Jakob Nielsen Comes Back Swinging

I have taken a couple of weak-willed potshots at Jakob Nielsen, the original Web usability guy, not least in my free website-design ebook, Applying Lessons from Why We Buy. Most of my grumps relate to the dated nature of some of the guidelines in his books, Homepage Usability: 50 Websites Deconstructed and Designing Web Usability: The Practice of Simplicity.

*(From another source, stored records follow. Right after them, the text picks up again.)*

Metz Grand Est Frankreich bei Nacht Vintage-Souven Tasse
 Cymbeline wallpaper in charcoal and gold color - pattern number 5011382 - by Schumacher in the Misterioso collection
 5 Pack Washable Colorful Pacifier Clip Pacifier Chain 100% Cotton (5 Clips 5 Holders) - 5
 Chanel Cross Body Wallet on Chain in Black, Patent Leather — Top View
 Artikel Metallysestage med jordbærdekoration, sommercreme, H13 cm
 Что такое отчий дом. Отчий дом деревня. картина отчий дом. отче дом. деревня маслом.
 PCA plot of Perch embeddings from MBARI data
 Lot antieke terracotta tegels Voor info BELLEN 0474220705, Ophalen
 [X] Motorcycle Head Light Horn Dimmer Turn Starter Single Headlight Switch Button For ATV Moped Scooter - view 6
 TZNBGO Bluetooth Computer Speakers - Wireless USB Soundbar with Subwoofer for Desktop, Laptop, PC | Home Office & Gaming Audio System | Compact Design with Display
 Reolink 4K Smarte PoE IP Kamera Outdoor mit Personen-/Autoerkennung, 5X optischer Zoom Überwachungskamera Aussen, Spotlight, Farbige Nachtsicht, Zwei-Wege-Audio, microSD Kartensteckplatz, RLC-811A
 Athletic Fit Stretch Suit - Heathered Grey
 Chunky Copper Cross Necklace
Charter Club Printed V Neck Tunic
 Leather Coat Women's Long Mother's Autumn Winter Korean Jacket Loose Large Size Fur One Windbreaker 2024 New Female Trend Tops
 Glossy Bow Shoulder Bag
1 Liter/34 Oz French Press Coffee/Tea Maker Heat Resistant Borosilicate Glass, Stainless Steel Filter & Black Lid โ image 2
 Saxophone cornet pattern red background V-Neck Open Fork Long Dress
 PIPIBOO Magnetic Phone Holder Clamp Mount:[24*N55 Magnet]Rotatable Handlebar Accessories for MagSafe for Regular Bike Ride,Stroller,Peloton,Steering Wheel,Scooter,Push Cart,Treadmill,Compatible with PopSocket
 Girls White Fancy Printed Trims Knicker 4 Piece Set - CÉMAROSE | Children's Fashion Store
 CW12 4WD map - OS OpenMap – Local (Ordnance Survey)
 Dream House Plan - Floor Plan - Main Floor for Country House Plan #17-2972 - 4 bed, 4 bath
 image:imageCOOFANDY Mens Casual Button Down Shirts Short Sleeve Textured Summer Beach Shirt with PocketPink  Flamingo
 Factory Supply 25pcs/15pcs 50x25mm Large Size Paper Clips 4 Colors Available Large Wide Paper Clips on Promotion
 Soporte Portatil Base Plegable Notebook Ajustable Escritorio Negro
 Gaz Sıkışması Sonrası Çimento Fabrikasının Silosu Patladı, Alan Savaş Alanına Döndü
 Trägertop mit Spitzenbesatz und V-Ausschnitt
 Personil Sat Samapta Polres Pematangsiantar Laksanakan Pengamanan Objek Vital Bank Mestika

Now Mr. Nielsen is back with a new book, Prioritizing Web Usability, that updates the design guidelines of the earlier books — and I’m liking it. As an example, here are eight design flaws that still plague the Web, and prevent your customers (or viewers or readers) from using your website effectively:

  1. links that don’t change color when visited
  2. breaking the back button
  3. opening new browser windows
  4. pop-up windows
  5. design elements that look like advertisements
  6. violating web-wide conventions
  7. vaporous content and empty hype
  8. dense content and unscannable text

There is lots more — the book is hefty in both weight and content. Lots of screen shots to illustrate the concepts, too, and marginal notes to call out important points. Links to detailed research abound.

If you are involved in web design, you need to read Nielsen’s new book. If your business has a website, your web designer needs to read Nielsen’s book. If you don’t have a website, but are planning one, ask your web designer if he’s familiar with Nielsen’s work. If the answer is no, consider a different web designer. If the answer is yes, ask if he’s read Nielsen’s new book. Any web designer worth being paid should be up-to-date on Nielsen.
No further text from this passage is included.